As students and parents gather at the town hall in Peterburgh, N.Y. (pop. 1,563), Fred Polnisch gets into character as Uncle Sam, donning a red, white and blue top hat, tails and striped trousers.
Then, in story and song, Polnisch brings American history to life, carrying the audience along on Paul Revere’s ride in 1775, and to the deck of a ship where Francis Scott Key was inspired to write the Star Spangled Banner.
Polnisch, of Clifton Park, N.Y. (pop. 32,995), has been wearing the colorful suit during performances at school and civic functions since retiring as a General Electric engineer in 1992.
Of course, Polnisch is best prepared to explain that a real Uncle Sam did exist, although not as he’s known today.
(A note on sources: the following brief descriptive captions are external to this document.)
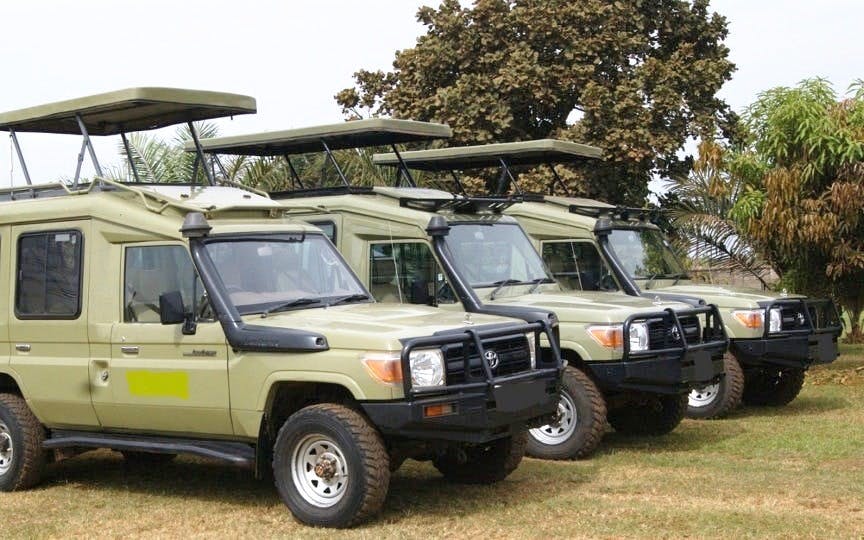 Safari vehicles lined up for Nairobi National Park tour.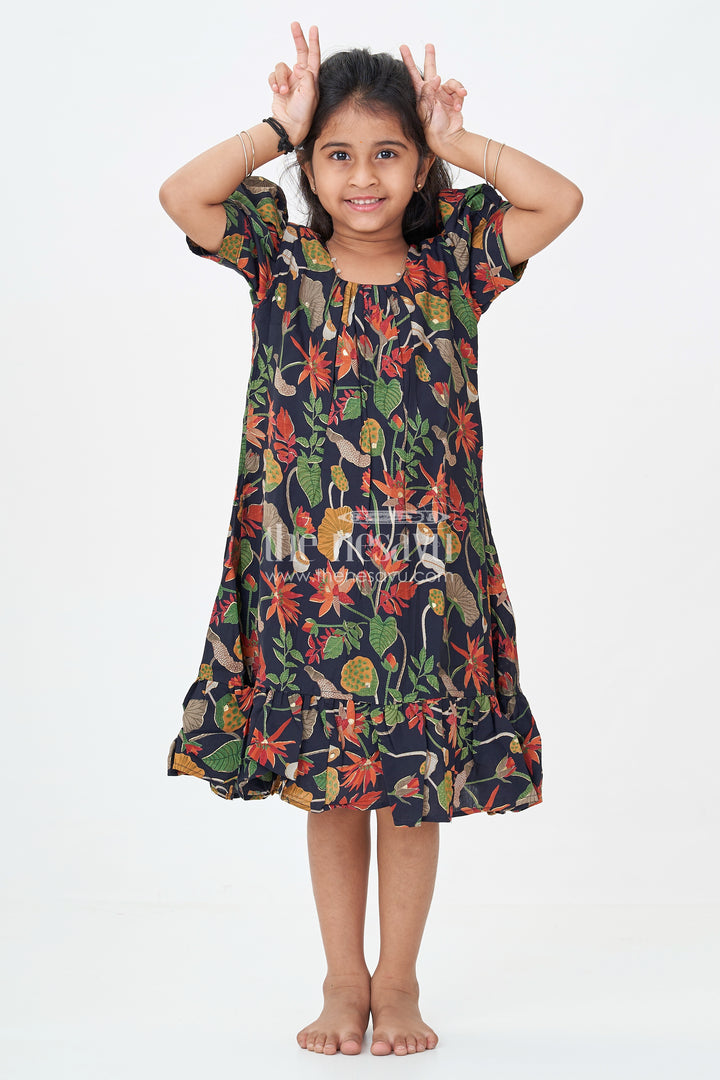Girls Cute Party Frocks in Black Modal Silk with Nature Inspired Digital Print and Ruffled Bottom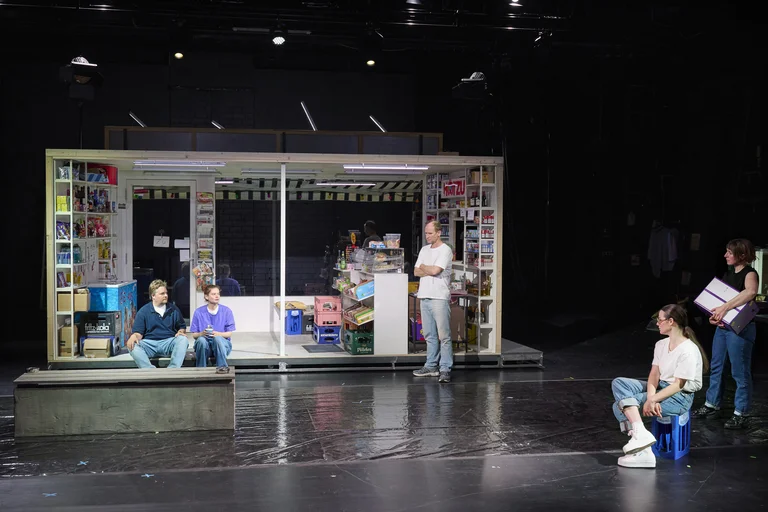 Eine Theaterbühne zeigt eine Kulisse eines kleinen Geschäfts. Mehrere Personen sind unterschiedlich positioniert, zwei sitzen und andere stehen.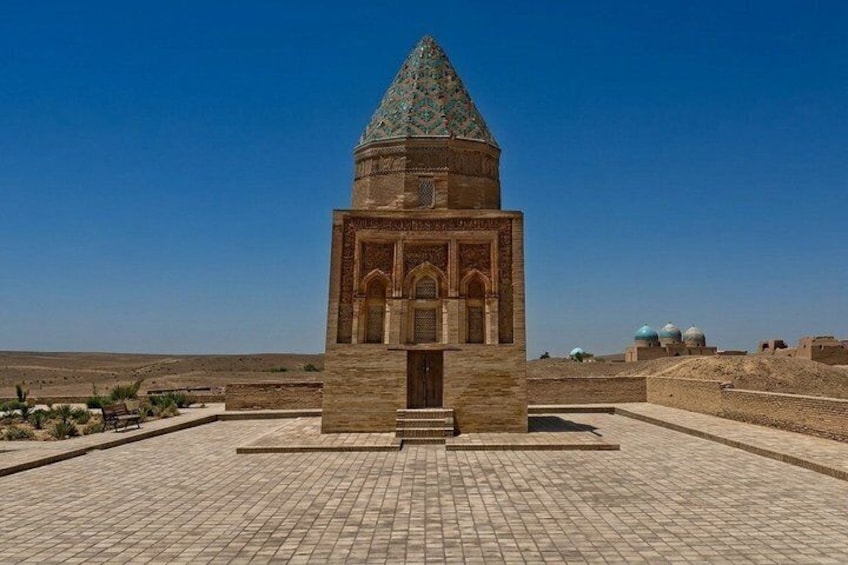 A historical monument with a pointed roof and intricate carvings, surrounded by a paved area and distant domed structures. 5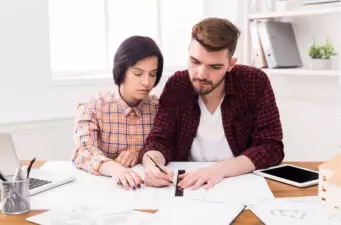 woman and man looking at paperwork on a table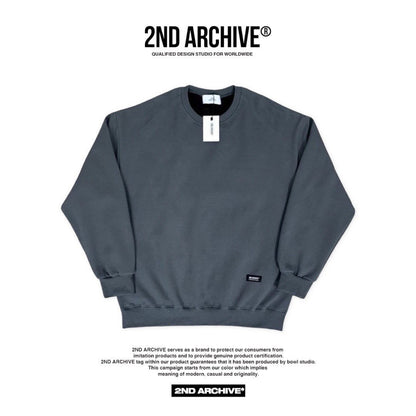 Front facing dark gray sweater with small logo made in Korea.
It is believed that the name originated from Sam Wilson, a well-liked meat packing business owner in Troy, N.Y. (pop. 49,170).
“Many of Sam Wilson’s nephews and nieces worked for him and called him Uncle Sam,” Polnisch says. “From what I’ve read, many of the workers and residents called him that, too.”
Wilson, who had a contract to supply food for troops in the United States Army during the War of 1812, would stamp his barrels with “U.S.” Troops from New York, who knew of Wilson’s nickname, passed around the story that Uncle Sam supplied the food. Eventually, the name became synonymous with the federal government.
Later the patriotic character was brought to life by newspaper cartoonists, who wrapped Uncle Sam in a flag, then in a star-spangled coat and striped pants, and finally gave him a beard to honor President Abraham Lincoln. Uncle Sam took on his most famous image when he graced “I Want You” military recruiting posters during World War I.
Polnisch, 68, concludes each 45-minute program by enlisting the audience to join him in a rousing chorus of It’s a Grand Old Flag.
“He reaches out to every age group, and that’s not an easy thing to do,” says Susan Nelsen, an events coordinator for the Petersburgh Library Summer Reading Program.
“I feel that I am promoting the American way,” says Polnisch, who uses the American icon as a way to educate people around Troy about their link to history.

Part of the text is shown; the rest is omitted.